Rocky O’Reilly And The Thrill Of The Fight

October 3, 2020

“We’ve started a collective called Reckless Abandon,” says Rocky O’Reilly, boss of Start Together Studios. “And the whole concept is just robots shooting lasers over Belfast – just let’s fucking blow stuff up. The first is our band Vivid Dreamer, which is me and Ryan (McGroarty). We had The Simpsons on a loop in the background. We were picking lines from the show and turning them into songs and playing synths. Pure escape from running a business in the music industry.

“And then the character goes off on all these mad adventures. There’s conspiracy theories. There’s all this other stuff. Now we’re excited to push some of that energy out. For us, it’s like small successes. We wanted to do vinyl with it. If we sell 100 vinyl then we do a show. It will be amazing. And then on to the next.”

Rocky O’Reilly by Stuart Bailie, 2020

Reckless Abandon, Rocky explains, is an antidote to over-thinking and a common tendency for musicians to obsess over marketing, strategy, social media, all the tiresome stuff. So the Vivid Dreamer album was written and lashed together in a week. It’s a marker, a throwdown, a tonic.

“Ryan and I work in the studio with lots of artists and we see how people get really stressed out and worried about releasing music. They worry that their story’s not developed enough. So they just never release music. They work tirelessly on songs and then they just sit there and rot. And we have both been going through that with artists that we love. We’re just so sick of it, essentially.”

Rocky sounds forthright, revived. He’s back in his Gordon Street base after three months, checking out the rooms, circulating the air, visualising the new era.

“I wanna write and record and release and collaborate more. The other side of it is we wanna help young musicians at the studio. We want to get artist through the door and help start their career. We’ve snapped ourselves back into focus on both of those things. So more than changing, it’s almost like a reboot.”
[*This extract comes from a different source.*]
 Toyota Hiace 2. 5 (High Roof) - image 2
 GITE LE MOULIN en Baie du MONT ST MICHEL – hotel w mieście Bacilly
He is rightly proud of an earlier 2020 release, ‘The People Could Fly’. It’s a collaboration between Rocky and rapper Tribe One from Atlanta GA. The pair have reconvened their 2014 project, Malibu Shark Attack! It’s about the synths, transatlantic respect, signature hip hop and a searing connection to Black Lives Matter. The track was finished in a rush and delivered on Juneteenth – June 19 – to mark the emancipation of slaves in America and to support the international revulsion over the killing of George Floyd and many others. Proceeds have been donated to The Black Lives Matter Global Network, The NAACP, The Bail Project and The Atlanta Solidarity Fund.
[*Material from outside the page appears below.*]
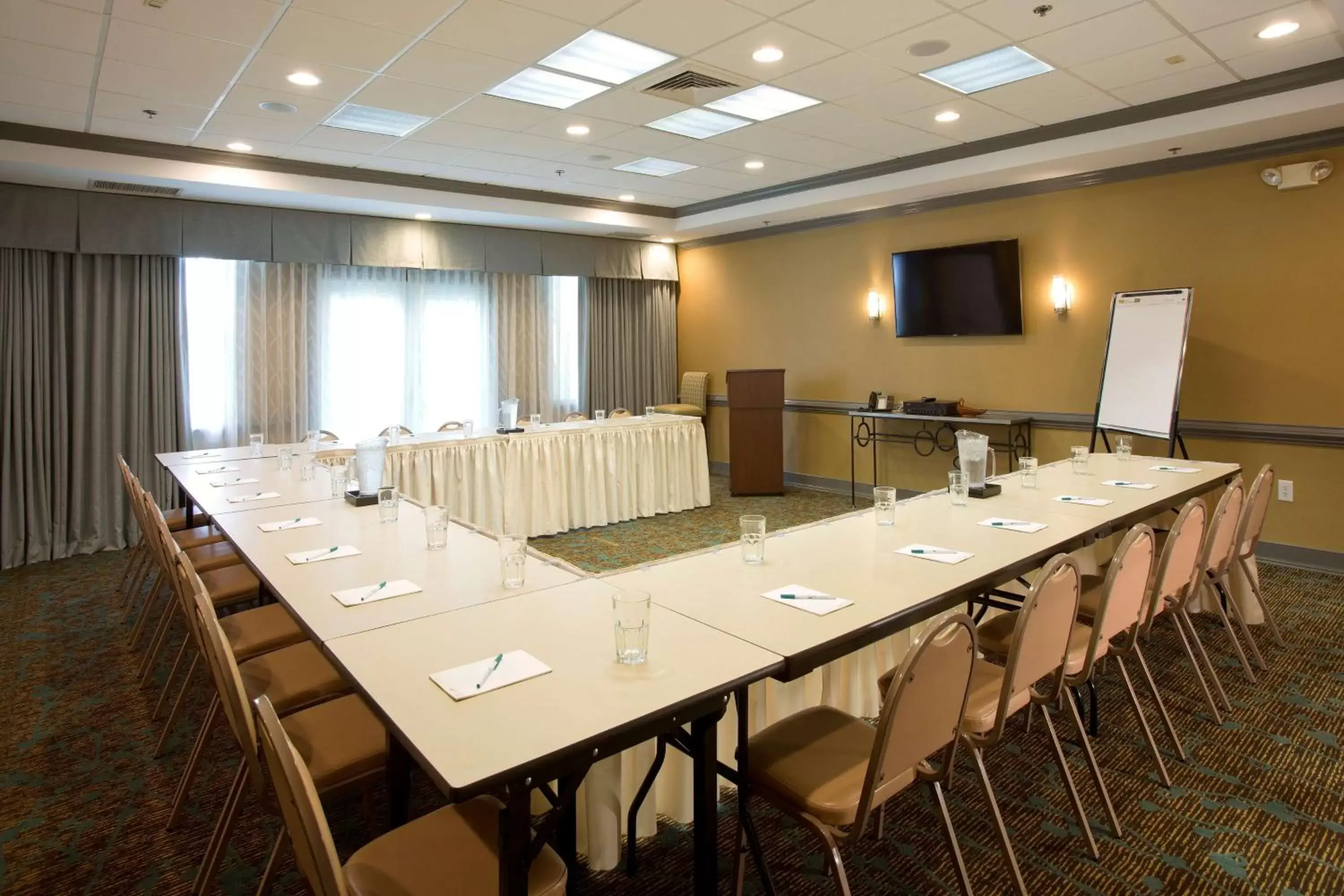 Meeting/conference room in Homewood Suites by Hilton Alexandria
Tribe One explains it thus:

“This song is dedicated to the memory of my friend Chinedu Okobi, who was killed by police in October of 2018. I met him at Morehouse College in our freshman year and we bonded because we were both from the San Francisco Bay Area and hip hop fanatics. He died on the street where I used to walk to the mall and ride my bike to the comic shop and where many of the formative experiences of my childhood took place. He was being arrested for jaywalking and he ended up being tased to death. I fully support the brave, powerful and righteously furious people protesting for equality and equal treatment. For the demilitarisation, defunding and reformation of the police. And for the acknowledgement that Black Lives Matter because until they do, all lives don’t.”
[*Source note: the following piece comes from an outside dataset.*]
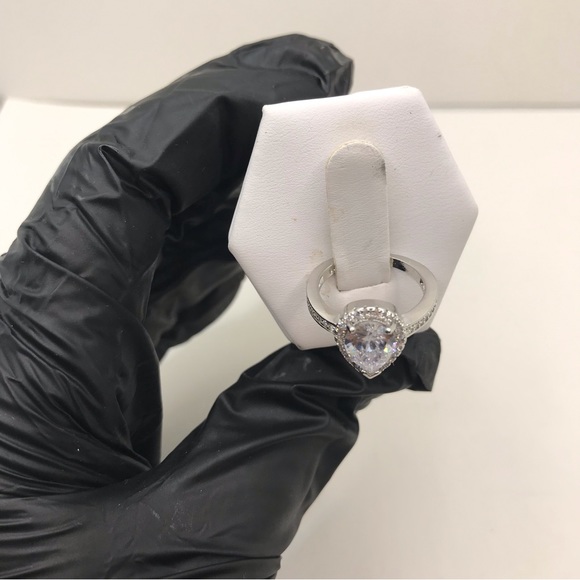 MARQUISE PRINCESS CUT BRIDAL WEDDING RING - Picture 5 of 8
When Rocky first sent over the instrumental track, the working title was ‘Holy Good Fuck’. Tribe One took the sentiment and made it articulate. He took the title from a 1985 Virginia Hamilton collection of African American folk stories. Some of the slaves in the main story had an ancient magic that allowed them to transcend and fly. The story works on a similar, mythological level to the Irish story of the Children of Lir. Intense suffering, escape and singing.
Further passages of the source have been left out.